[Captioned web images]
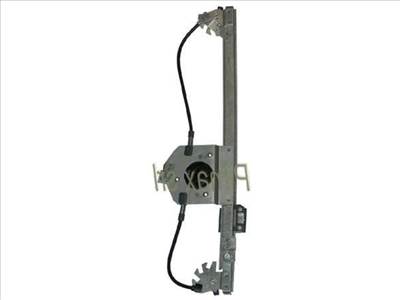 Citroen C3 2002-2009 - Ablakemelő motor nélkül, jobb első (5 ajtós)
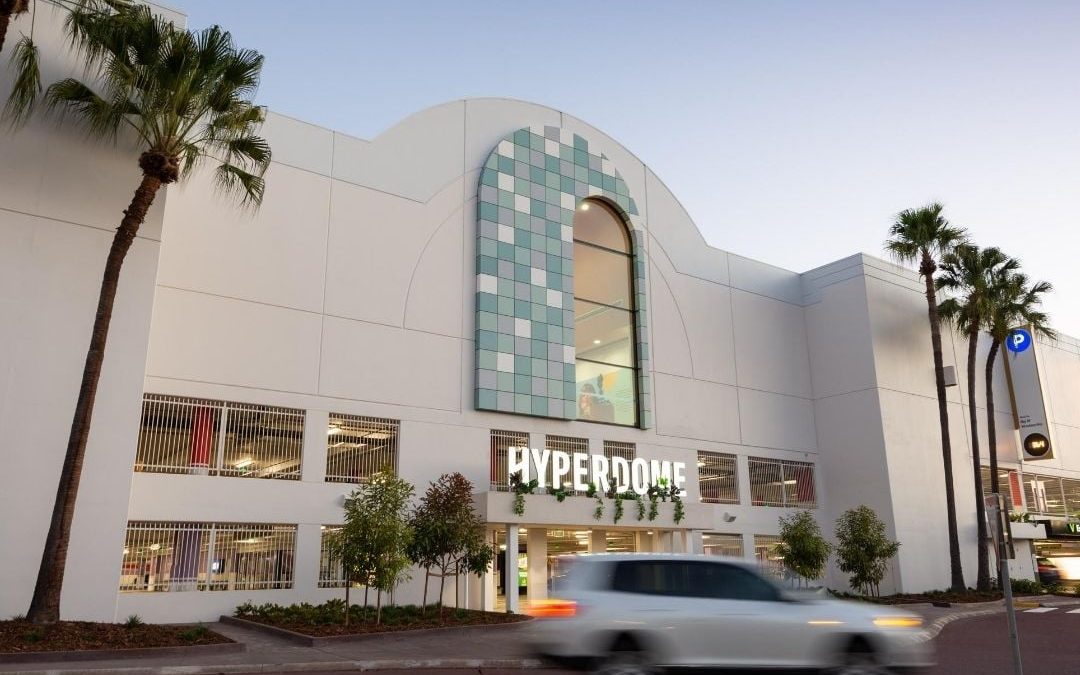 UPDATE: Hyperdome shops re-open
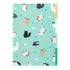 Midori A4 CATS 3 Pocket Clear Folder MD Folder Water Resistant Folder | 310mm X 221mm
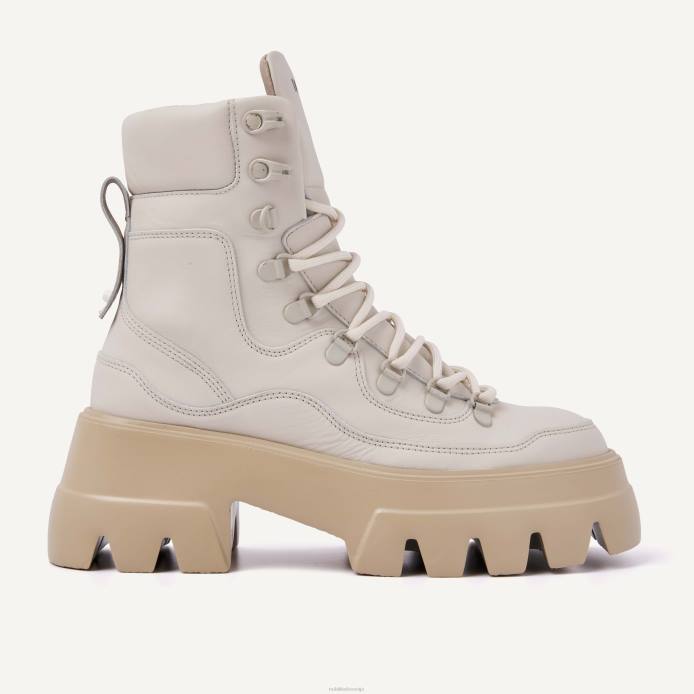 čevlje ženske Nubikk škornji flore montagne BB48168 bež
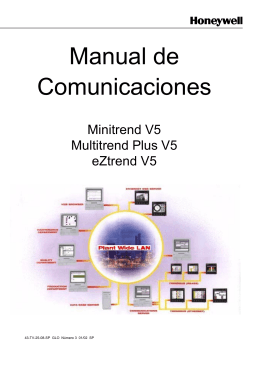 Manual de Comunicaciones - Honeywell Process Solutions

▸ **TASK ITEM**: Give the records again exactly, minus the pictures.

▸ **THE COMPLETED TASK**:
 Citroen C3 2002-2009 - Ablakemelő motor nélkül, jobb első (5 ajtós)
 UPDATE: Hyperdome shops re-open
 Midori A4 CATS 3 Pocket Clear Folder MD Folder Water Resistant Folder | 310mm X 221mm
 čevlje ženske Nubikk škornji flore montagne BB48168 bež
 Manual de Comunicaciones - Honeywell Process Solutions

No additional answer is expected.